━━ Recorded data ━━

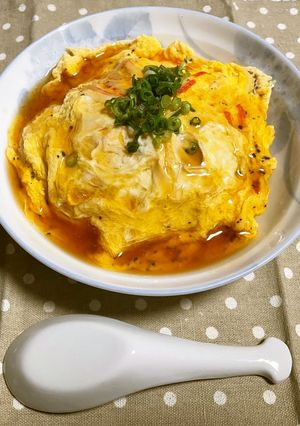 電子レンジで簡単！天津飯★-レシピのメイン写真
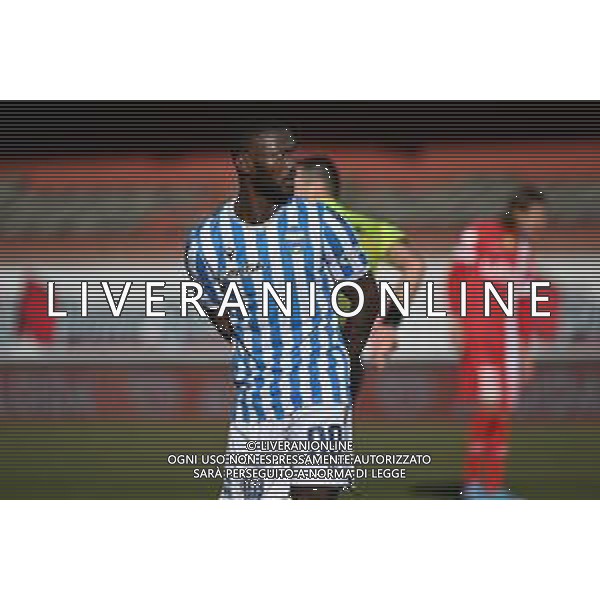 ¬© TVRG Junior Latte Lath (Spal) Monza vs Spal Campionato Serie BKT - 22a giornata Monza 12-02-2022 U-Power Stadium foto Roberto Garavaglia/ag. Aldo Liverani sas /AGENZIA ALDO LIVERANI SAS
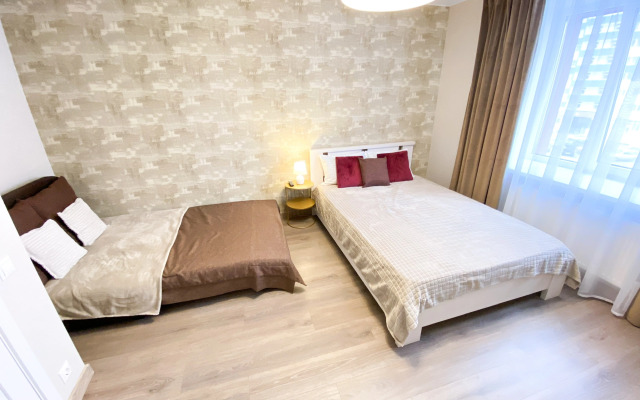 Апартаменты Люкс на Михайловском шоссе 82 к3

━━━

## Task to carry out
The data above are to be repeated word for word, with any pictures left out.

## Exercise solution
 電子レンジで簡単！天津飯★-レシピのメイン写真
 ¬© TVRG Junior Latte Lath (Spal) Monza vs Spal Campionato Serie BKT - 22a giornata Monza 12-02-2022 U-Power Stadium foto Roberto Garavaglia/ag. Aldo Liverani sas /AGENZIA ALDO LIVERANI SAS
 Апартаменты Люкс на Михайловском шоссе 82 к3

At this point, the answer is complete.